## Task
Before copying the entries, remove the pictures; everything else stays exactly as it is.

## Dataset records
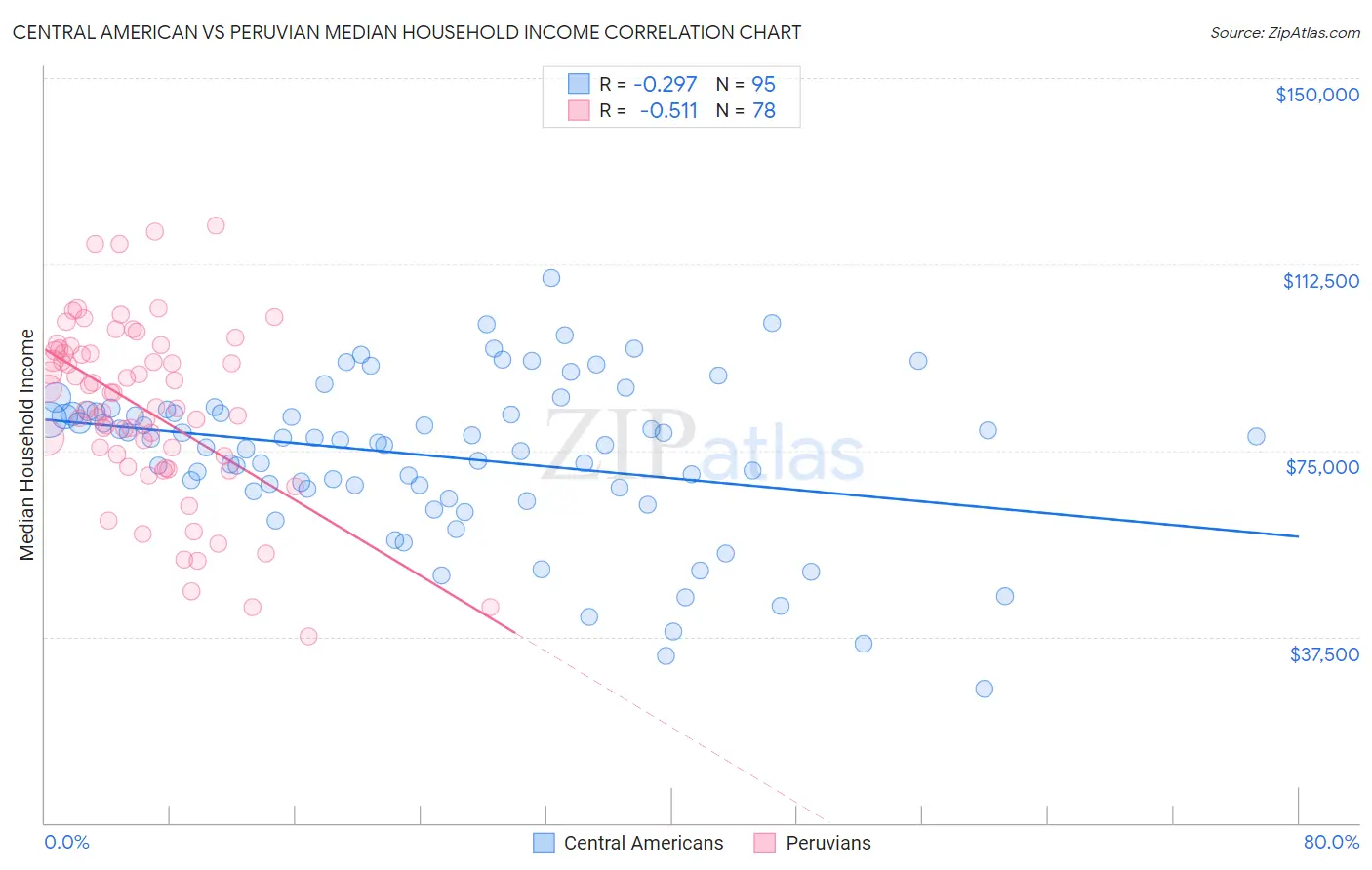 Central American vs Peruvian Median Household Income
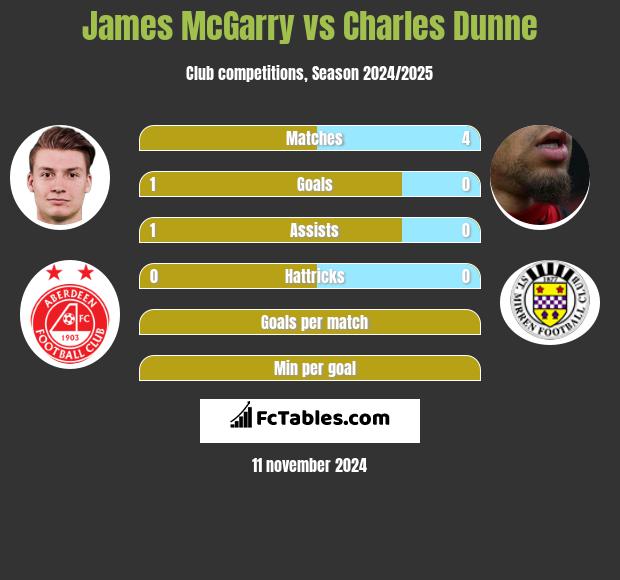 James McGarry vs Charles Dunne h2h player stats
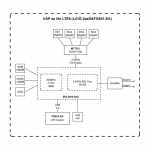 MikroTik hAP ax lite LTE6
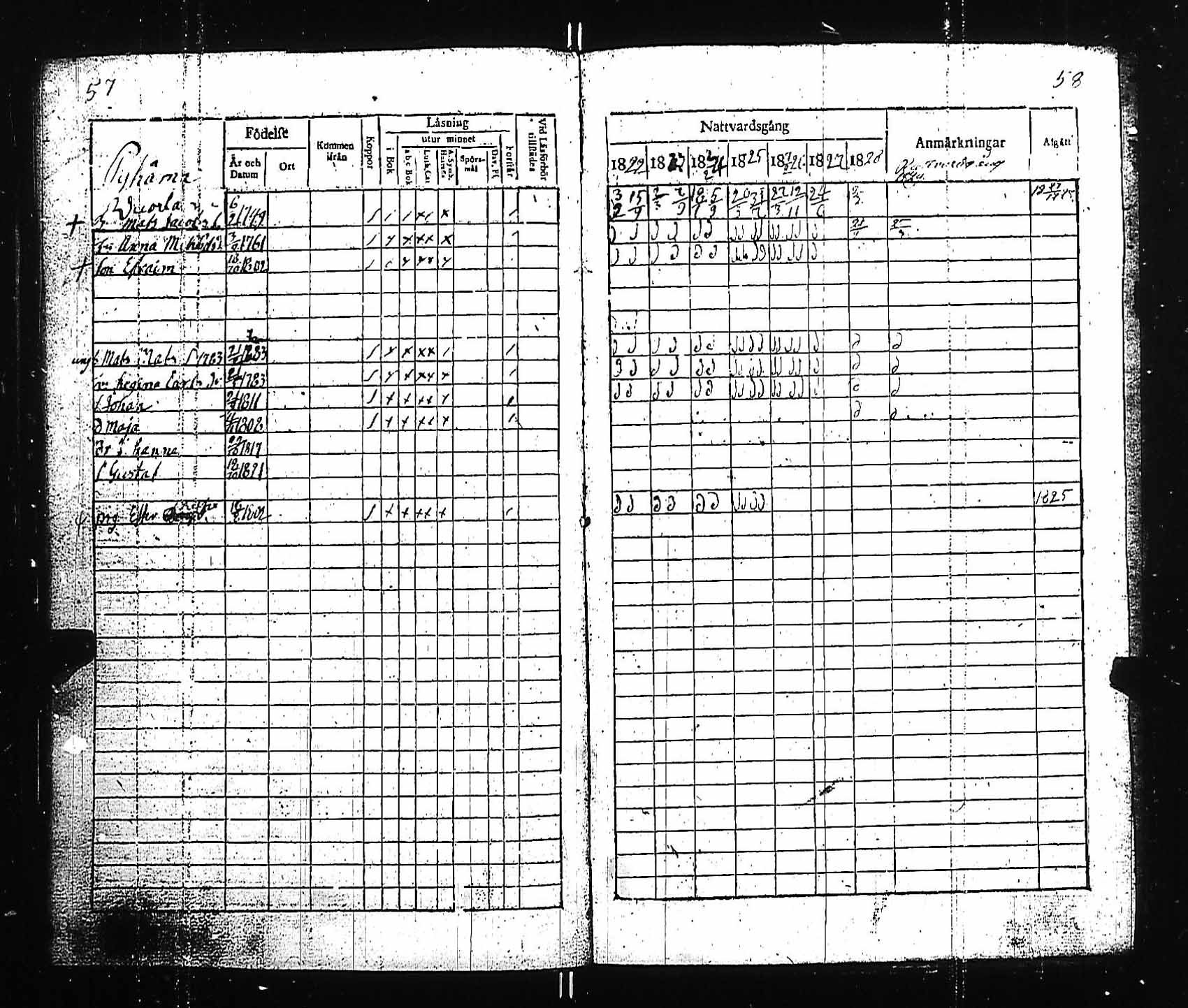 [ ../kirjat/Kirkonkirjat/pyhamaa/rippikirja_1815-1829_jk763/kuvat/62.jpg ]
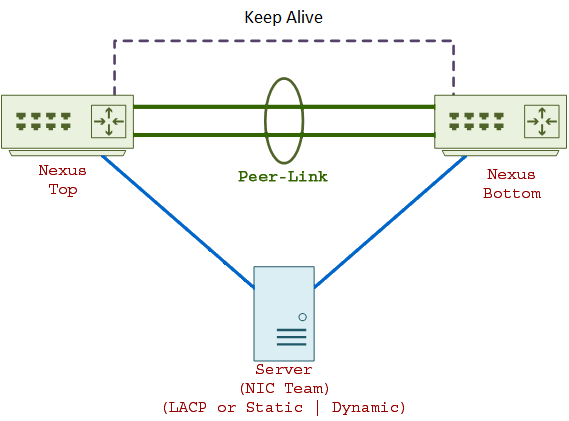 vpc-v1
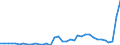 Flow: Exports / Measure: Values / Partner Country: World / Reporting Country: Australia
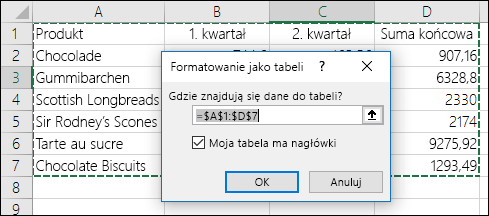 Przykład użycia pozycji Formatuj jako tabelę na karcie Narzędzia główne w celu automatycznego zaznaczenia zakresu danych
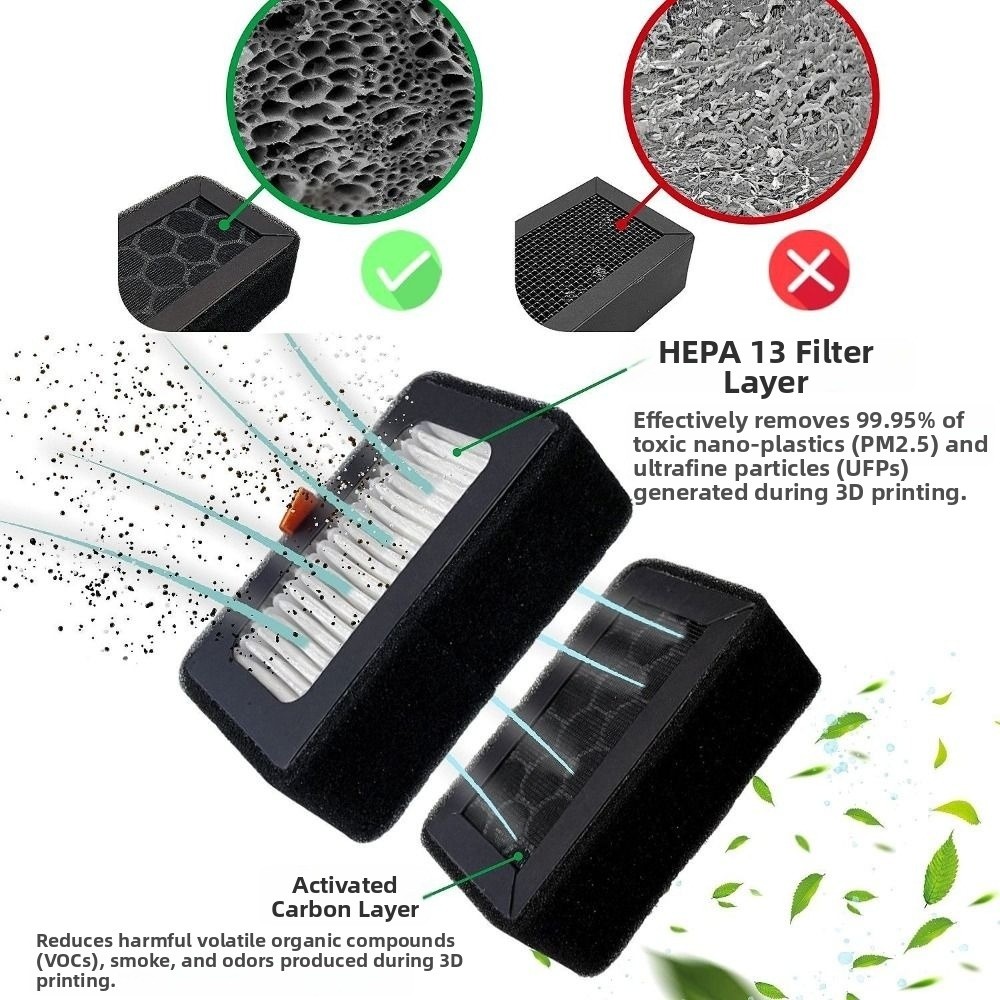 Replacement HEPA 13 + Activate - 3D Printing X1 Carbon ulasan dan harga
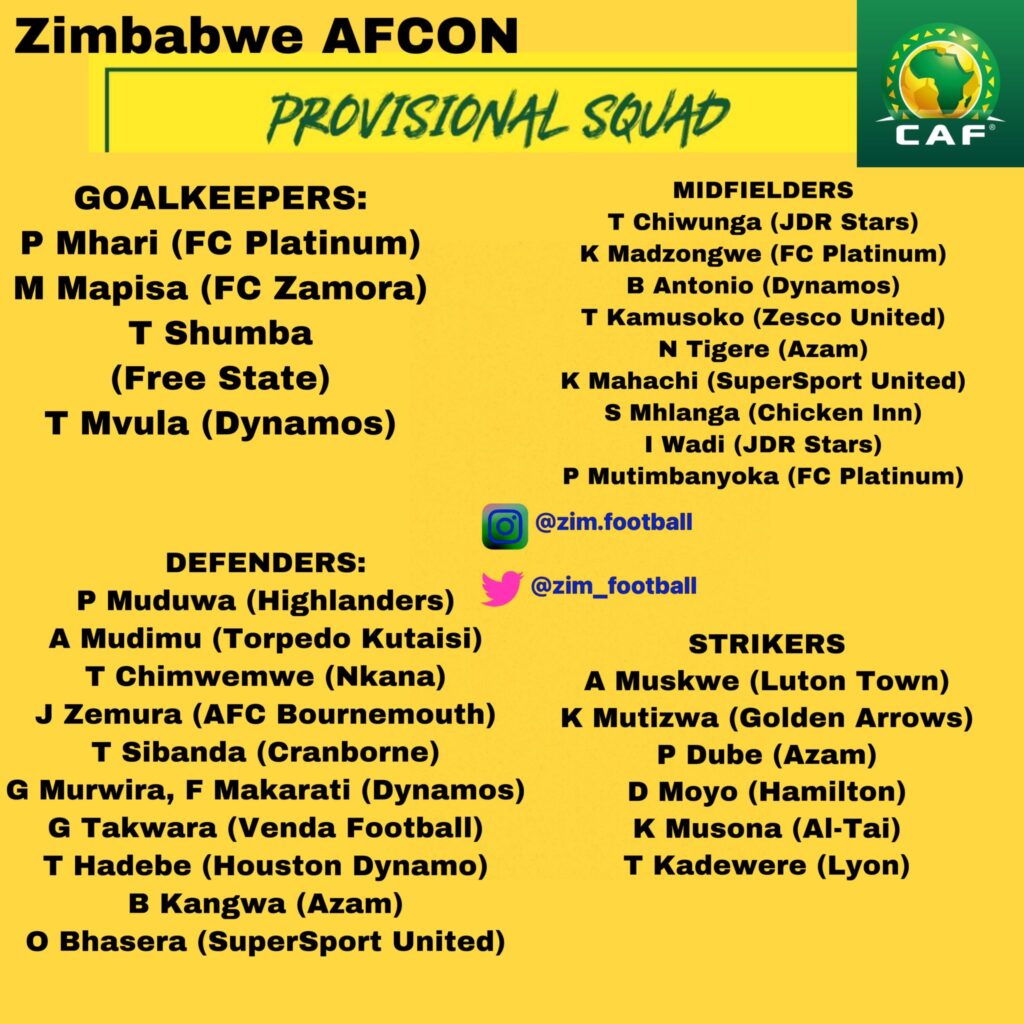 CAN 2021 - Zimbabwe : Une préliste de 30 joueurs avec des absents surprises 11 FHJideUXIAMODBg - OnzedAfrik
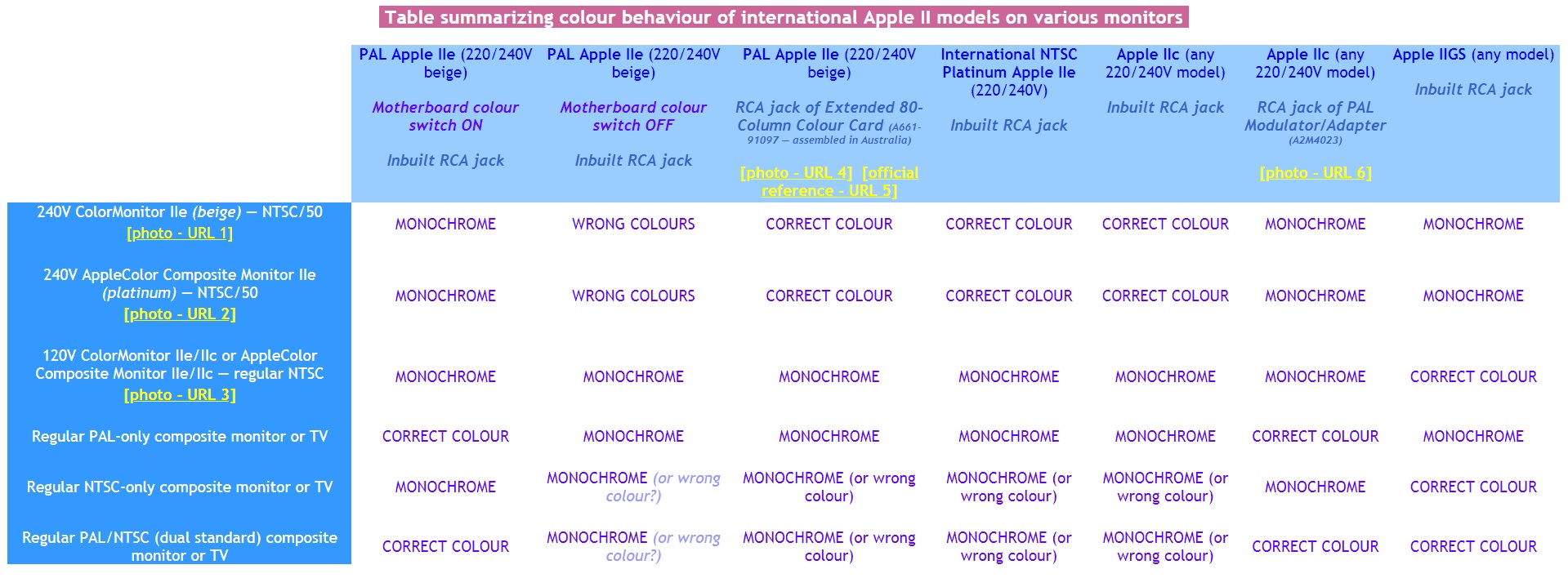 Apple_II_monitors_240V_table_summary_for_forum.jpg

## Task result
 Central American vs Peruvian Median Household Income
 James McGarry vs Charles Dunne h2h player stats
 MikroTik hAP ax lite LTE6
 [ ../kirjat/Kirkonkirjat/pyhamaa/rippikirja_1815-1829_jk763/kuvat/62.jpg ]
 vpc-v1
 Flow: Exports / Measure: Values / Partner Country: World / Reporting Country: Australia
 Przykład użycia pozycji Formatuj jako tabelę na karcie Narzędzia główne w celu automatycznego zaznaczenia zakresu danych
 Replacement HEPA 13 + Activate - 3D Printing X1 Carbon ulasan dan harga
 CAN 2021 - Zimbabwe : Une préliste de 30 joueurs avec des absents surprises 11 FHJideUXIAMODBg - OnzedAfrik
 Apple_II_monitors_240V_table_summary_for_forum.jpg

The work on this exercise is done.